Linux-driven design hardware foundation (4) USB interface and bus

2.3.4 USB

    USB (Universal Serial Bus) was proposed in 1995 by Intel, Microsoft and other manufacturers to solve the contradiction between the increasing variety of computer peripherals and the limited motherboard slots and ports. Supports the advantages of plug and play and hot plugging.

    USB 1.1 includes full-speed and low-speed modes. The low-speed mode has a rate of 1.5Mbit/s and supports some devices that do not require large data throughput and high real-time performance, such as mice. The full-speed mode is 12Mbit/s, and peripherals with higher speed can be connected. In USB 2.0, a high-speed mode is added, and the data transfer rate reaches 480Mbit/s, half-duplex, which can meet the needs of higher-speed peripherals. And USB 3.0 (also known as Super Speed ​​USB) has a maximum transfer bandwidth of up to 5.0Gbit/s (640MB/s), full duplex.

    The mechanical connection of the USB 2.0 bus is very simple. 4-core shielded wires are used. One pair of differential wires (D+, D-) transmits signals, and the other pair (VBUS, power ground) transmits +5V DC. The USB 3.0 cable is designed with 8 internal lines. Except for VBUS and power ground, the other 3 pairs are data transmission lines. The two USB 2.0 compatible lines, D+ and D-, are retained, and SSRX and SSTX lines specially designed for USB 3.0 have been added.

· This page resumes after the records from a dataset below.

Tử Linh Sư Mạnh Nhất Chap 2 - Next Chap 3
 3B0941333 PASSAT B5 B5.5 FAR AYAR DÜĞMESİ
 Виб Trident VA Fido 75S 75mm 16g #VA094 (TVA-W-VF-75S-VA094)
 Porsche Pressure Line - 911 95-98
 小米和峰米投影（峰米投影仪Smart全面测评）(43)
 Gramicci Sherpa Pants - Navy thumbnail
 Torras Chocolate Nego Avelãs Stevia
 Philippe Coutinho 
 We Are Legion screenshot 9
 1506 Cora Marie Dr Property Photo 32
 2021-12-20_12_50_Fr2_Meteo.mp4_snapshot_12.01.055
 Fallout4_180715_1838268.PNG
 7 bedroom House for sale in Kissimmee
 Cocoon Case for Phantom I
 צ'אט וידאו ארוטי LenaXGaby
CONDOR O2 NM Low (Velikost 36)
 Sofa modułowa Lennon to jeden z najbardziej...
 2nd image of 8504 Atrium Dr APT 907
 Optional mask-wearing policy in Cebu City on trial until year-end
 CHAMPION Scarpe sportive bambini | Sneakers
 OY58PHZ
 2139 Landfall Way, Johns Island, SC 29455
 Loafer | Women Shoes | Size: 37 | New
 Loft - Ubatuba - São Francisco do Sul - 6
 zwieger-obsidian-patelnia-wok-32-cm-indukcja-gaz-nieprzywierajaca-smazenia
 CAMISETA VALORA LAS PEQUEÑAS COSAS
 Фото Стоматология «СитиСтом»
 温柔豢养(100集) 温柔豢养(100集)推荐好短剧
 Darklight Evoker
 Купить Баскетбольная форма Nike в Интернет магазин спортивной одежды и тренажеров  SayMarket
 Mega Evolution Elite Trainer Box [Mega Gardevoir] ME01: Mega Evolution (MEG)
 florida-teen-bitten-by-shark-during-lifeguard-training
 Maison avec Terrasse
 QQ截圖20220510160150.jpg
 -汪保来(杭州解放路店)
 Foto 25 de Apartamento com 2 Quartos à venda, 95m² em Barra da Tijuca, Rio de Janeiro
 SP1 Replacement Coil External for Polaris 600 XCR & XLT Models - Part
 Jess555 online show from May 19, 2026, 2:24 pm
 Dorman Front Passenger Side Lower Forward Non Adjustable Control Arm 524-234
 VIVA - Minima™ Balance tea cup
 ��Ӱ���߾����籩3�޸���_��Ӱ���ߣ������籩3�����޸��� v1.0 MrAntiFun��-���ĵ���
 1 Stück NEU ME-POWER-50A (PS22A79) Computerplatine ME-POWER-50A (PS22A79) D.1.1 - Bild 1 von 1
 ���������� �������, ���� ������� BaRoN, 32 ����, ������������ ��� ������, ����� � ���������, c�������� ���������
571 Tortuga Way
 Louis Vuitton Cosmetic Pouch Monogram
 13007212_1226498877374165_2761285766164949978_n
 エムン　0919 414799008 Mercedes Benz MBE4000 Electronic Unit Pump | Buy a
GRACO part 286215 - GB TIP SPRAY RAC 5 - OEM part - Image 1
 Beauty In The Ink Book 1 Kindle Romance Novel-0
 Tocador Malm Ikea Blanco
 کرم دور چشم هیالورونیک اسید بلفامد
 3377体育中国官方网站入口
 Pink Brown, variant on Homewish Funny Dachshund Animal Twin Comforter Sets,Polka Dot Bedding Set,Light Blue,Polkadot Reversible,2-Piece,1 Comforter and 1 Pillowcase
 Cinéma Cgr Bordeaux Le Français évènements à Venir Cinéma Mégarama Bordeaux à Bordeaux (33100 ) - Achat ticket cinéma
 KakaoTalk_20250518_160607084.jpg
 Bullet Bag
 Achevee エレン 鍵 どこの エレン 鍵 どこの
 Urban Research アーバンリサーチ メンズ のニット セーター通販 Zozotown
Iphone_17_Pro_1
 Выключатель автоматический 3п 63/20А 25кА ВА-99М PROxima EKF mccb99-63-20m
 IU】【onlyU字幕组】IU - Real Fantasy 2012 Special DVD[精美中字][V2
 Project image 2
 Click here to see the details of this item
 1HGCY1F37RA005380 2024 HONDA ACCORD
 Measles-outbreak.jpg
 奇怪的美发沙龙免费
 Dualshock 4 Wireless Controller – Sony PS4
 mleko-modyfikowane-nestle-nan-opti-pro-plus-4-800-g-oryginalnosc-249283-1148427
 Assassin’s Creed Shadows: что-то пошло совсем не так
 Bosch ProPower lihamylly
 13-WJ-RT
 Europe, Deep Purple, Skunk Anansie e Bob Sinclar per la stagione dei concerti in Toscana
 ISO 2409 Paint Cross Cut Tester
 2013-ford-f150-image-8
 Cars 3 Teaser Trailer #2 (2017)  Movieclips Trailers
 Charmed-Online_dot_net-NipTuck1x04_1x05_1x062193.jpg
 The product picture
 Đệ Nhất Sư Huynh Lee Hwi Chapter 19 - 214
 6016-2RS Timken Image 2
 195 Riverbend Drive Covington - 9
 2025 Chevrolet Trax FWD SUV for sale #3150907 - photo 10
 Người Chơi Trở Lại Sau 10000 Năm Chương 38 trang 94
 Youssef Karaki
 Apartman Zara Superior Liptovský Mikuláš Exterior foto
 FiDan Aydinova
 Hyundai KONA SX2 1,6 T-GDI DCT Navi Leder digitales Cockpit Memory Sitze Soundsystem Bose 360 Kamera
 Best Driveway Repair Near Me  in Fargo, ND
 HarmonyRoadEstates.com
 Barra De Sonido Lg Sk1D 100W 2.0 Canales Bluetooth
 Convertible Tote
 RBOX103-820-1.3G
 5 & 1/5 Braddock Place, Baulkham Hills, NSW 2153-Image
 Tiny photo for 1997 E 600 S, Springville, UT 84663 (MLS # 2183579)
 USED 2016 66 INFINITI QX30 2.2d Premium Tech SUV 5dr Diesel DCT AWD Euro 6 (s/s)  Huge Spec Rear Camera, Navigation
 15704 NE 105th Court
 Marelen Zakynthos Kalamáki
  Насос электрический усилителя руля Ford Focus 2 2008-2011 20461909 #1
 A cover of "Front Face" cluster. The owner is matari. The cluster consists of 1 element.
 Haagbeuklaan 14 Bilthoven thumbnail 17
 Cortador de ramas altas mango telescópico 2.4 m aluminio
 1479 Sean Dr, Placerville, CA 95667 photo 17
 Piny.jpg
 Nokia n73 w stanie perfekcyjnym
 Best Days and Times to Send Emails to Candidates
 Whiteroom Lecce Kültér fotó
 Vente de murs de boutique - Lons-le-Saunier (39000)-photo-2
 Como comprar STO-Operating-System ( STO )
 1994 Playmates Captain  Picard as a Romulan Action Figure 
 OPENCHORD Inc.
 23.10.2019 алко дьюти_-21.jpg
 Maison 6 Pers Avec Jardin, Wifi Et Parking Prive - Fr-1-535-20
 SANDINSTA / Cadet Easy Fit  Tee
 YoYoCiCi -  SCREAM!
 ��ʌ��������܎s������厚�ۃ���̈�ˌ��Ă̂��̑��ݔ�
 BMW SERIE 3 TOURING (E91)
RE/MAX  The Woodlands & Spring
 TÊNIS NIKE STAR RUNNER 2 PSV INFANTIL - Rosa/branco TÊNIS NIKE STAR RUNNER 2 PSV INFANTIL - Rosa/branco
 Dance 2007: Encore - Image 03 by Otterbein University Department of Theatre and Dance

    In an embedded system, if the circuit board needs to be connected to a USB device, it needs to provide a USB host (Host) controller and connector; if the circuit board needs to be used as a USB device, it needs to provide a USB device adapter and connector. Most SoCs integrate a USB host controller (to connect USB peripherals) and a device adapter (such as a phone that acts as a USB stick). Figure 2.14 shows the physical topology of a USB system consisting of USB hosts, devices, and Hubs.


Figure 2.14 Physical topology of USB

    Each USB device will have one or more logical connection points in it, and each connection point is called an endpoint. USB provides a variety of transmission methods to meet the needs of various devices, an endpoint can choose one of the following transmission methods.

1. Control transmission method

Control transmission is bidirectional transmission, and the amount of data is usually small. It is mainly used to query, configure and send general commands to USB devices. All USB devices must support the standard request (Standard Request), control transfer mode and endpoint 0.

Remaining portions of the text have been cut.